I'm going to share something about my story with you that most people don't understand. I intend to write one of the best-written, politically impactful, and longest book in western literature. I used to be much more forward with my ambitions. I don't know if I decided to stop sharing the scope of this project because I don't want people to not take me seriously (as if they take me seriously after calling myself a writer my whole life and never being traditionally published) or if it's just fear of the size of the project. It's all mental.
There is the issue of making an epic that's readable. It has to hold people under a spell, and that means thorough immersion. I worry about my ability to immerse readers. I love this world I've created, and at time of writing I have an intensely detailed map and about 60 pages worth of notes in what I call my World Bible. I know I think strangely sometimes, so I enlisted my sister to go through the notes with me to help eliminate over-complications and contradictions. But just because I love this world I've made in my head doesn't mean that my readers will give a shit about it. It's all in the craft.

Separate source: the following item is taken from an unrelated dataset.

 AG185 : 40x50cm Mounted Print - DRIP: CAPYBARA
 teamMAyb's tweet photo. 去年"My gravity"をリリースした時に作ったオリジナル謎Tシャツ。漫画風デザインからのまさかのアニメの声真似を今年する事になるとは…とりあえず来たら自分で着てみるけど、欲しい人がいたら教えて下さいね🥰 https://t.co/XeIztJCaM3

As for the content, I wanted to write my own Journey To The West. A series of adventures with a wide cast of characters and obstacles. The content isn't worrying me half so much as my craft. Because of that, I think I've been treating my World Bible as a training/procrastination ground. I know enough not to exposition everything or much of anything, so much of what's detailed in the World Bible won't be told directly, if at all, to the reader. It's like seeing a picture of an attractive member of the sex of your choice. I've always prefered the light dignity of lingerie (if I'm only looking, wink wink, nudge nudge, say no more). It wraps and conceals the human figure that you desire. It's like wrapping a present as opposed to just handing the present to someone as is. Less is more. The mystery and presentation count for a lot.